Repeat Appeals: Zumpano affirms VCAT's discretion

11 August 2016

The recent decision of Zumpano v Banyule City Council [2016] VSC 420 (Zumpano) has provided developers and Councils with clarification as to the acceptable approach of the Victorian Civil and Administrative Tribunal (Tribunal) to repeat applications for planning permits.

The Victorian Supreme Court has clarified that it is a matter for the Tribunal to determine the weight to be given to relevant considerations and facts when dealing with repeat applications to the Tribunal. Applicants cannot assume that correcting the issues identified with previous applications will lead to a permit being issued.

Forth time the charm?

The Application to the Tribunal made by Zumpano was the fourth time the Tribunal had affirmed the decision of the Banyule City Council (Council) to refuse a planning permit for the subject land. Each Application for review to the Tribunal had involved slightly different proposals, but all commonly involved a proposal to convert an existing two storey dwelling into two, two-storey buildings.

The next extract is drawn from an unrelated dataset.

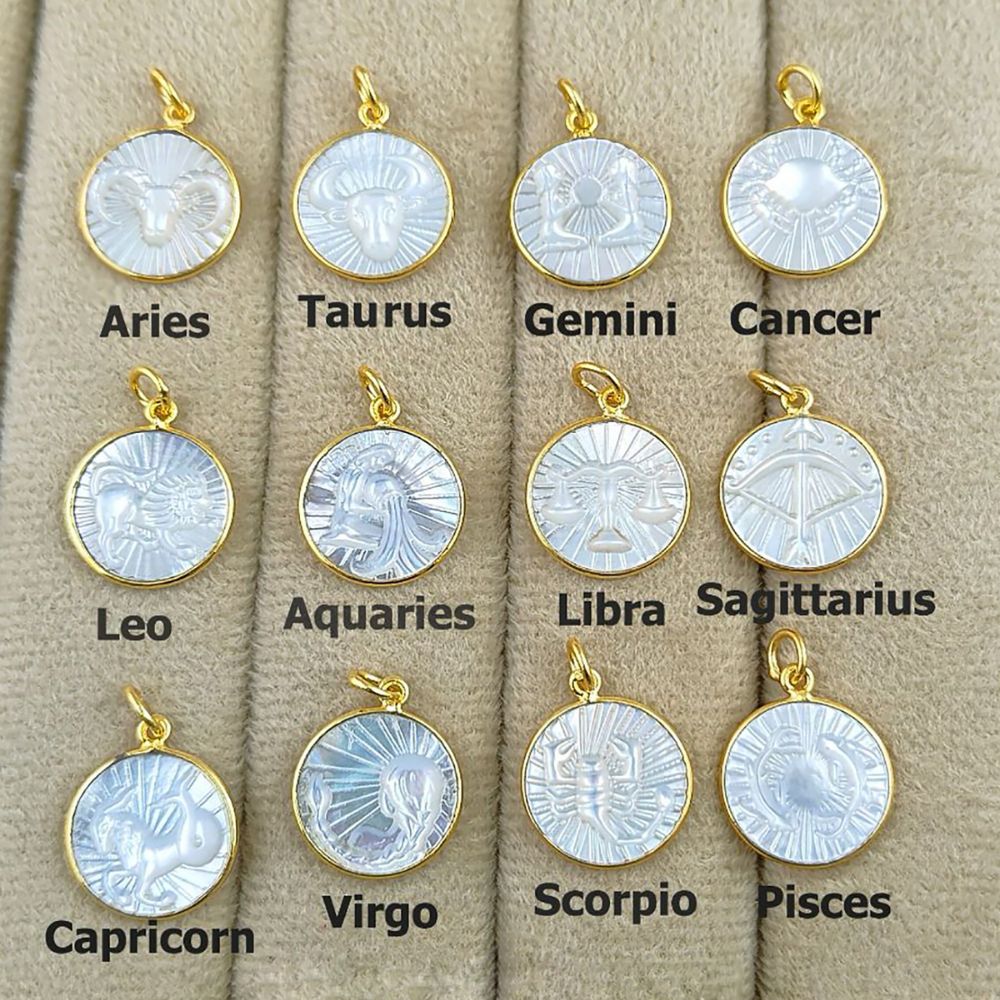 Dainty Zodiac Sign Charm Necklace – Gold Plated with Pearl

Across the four previous Tribunal decisions, the proposals had all been rejected on similar grounds, namely because the proposed development was over scaled, inappropriately designed and sited in terms of streetscape.

The Applicant sought leave to appeal to the Supreme Court on 10 questions, categorised into questions relating to repeat reviews and the Tribunal’s duty to act fairly and in accordance with the substantial merits of the case.

Repeat appeals

The Applicant argued that the Tribunal had erred in deciding the Application as a ‘classic repeat review’ rather than a ‘correcting repeat review’.

In previous decisions of the Tribunal, a ‘classic repeat review’ had been described as a form of forum shopping in which an applicant brought essentially the same proposal before the Tribunal. By contrast the ‘correcting repeat review’ was one whereby an applicant addressed the concerns of a previous application, and was entitled to a reasonable expectation that a permit would issue.

The Court emphasised that such terms are imprecise and not statutory, and that repeat applications can come in many forms. Since the Tribunal is not bound by a strict doctrine of precedent, the Tribunal (and Councils) is entitled to consider the previous decisions related to the application and determine what weight it will give to the earlier decisions, provided that it ultimately makes its decision on the planning merits. Furthermore, an applicant is not entitled to any specific advantage because they have addressed the concerns in a previous review.


For developers, it is now important to keep in mind that merely addressing the concerns of the Council/Tribunal in a repeat review will not be enough on its own to justify the granting of a planning permit. Developers must ensure that all elements of their application meet the applicable planning requirements.

For Councils, Zumpano demonstrates that it is a matter for the decision maker to determine what weight is to be given to previous applications relating to the same land, and that there is no obligation to accept a repeat application where it corrects the issues identified in a previous application.